**DATA SEGMENT:**
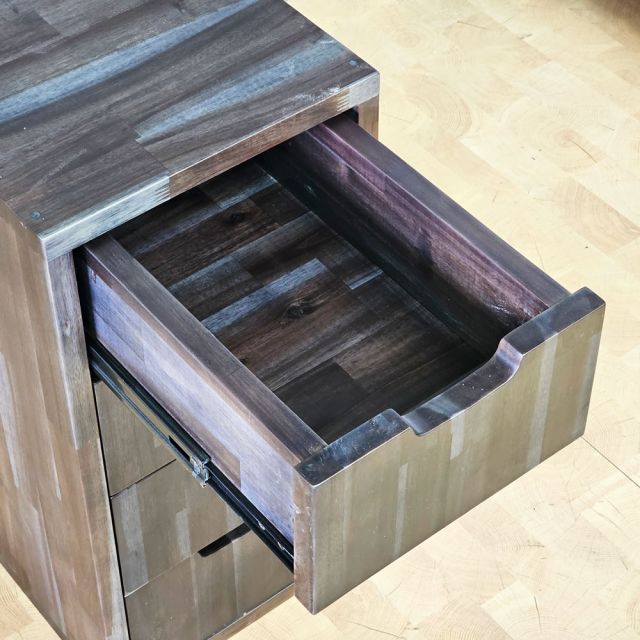 Tủ cá nhân 35x75x73cm gỗ tràm TCN68094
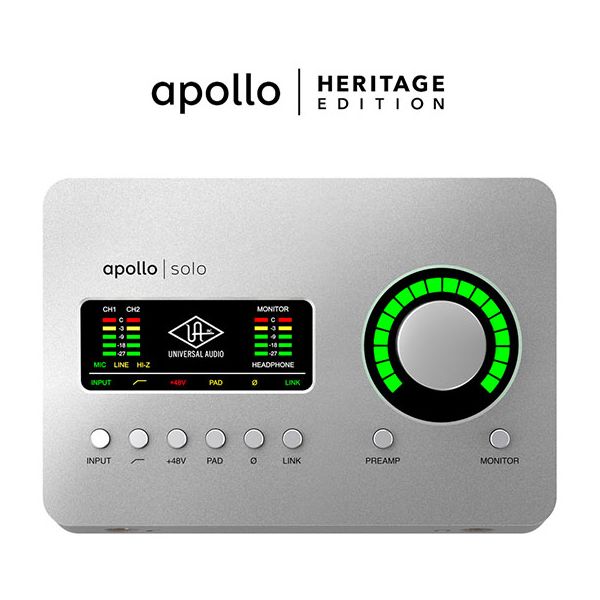 APOLLO SOLO USB HERITAGE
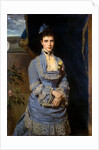 Portrait of Grand Duchess Maria Fyodorovna, Princess Dagmar of Denmark,, 1874 by Anonymous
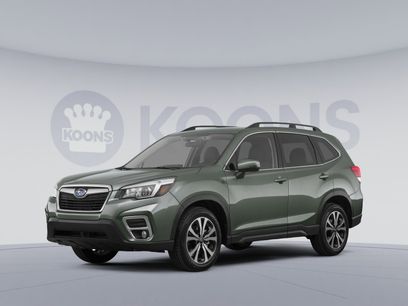 Used 2019 Subaru Forester Limited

**EXERCISE OBJECTIVE:** Each line from the one containing "APOLLO SOLO USB HERITAGE" through the last line of the listing must be copied exactly, and the pictures must not be.

**ANSWER TO THE EXERCISE:**
 APOLLO SOLO USB HERITAGE
 Portrait of Grand Duchess Maria Fyodorovna, Princess Dagmar of Denmark,, 1874 by Anonymous
 Used 2019 Subaru Forester Limited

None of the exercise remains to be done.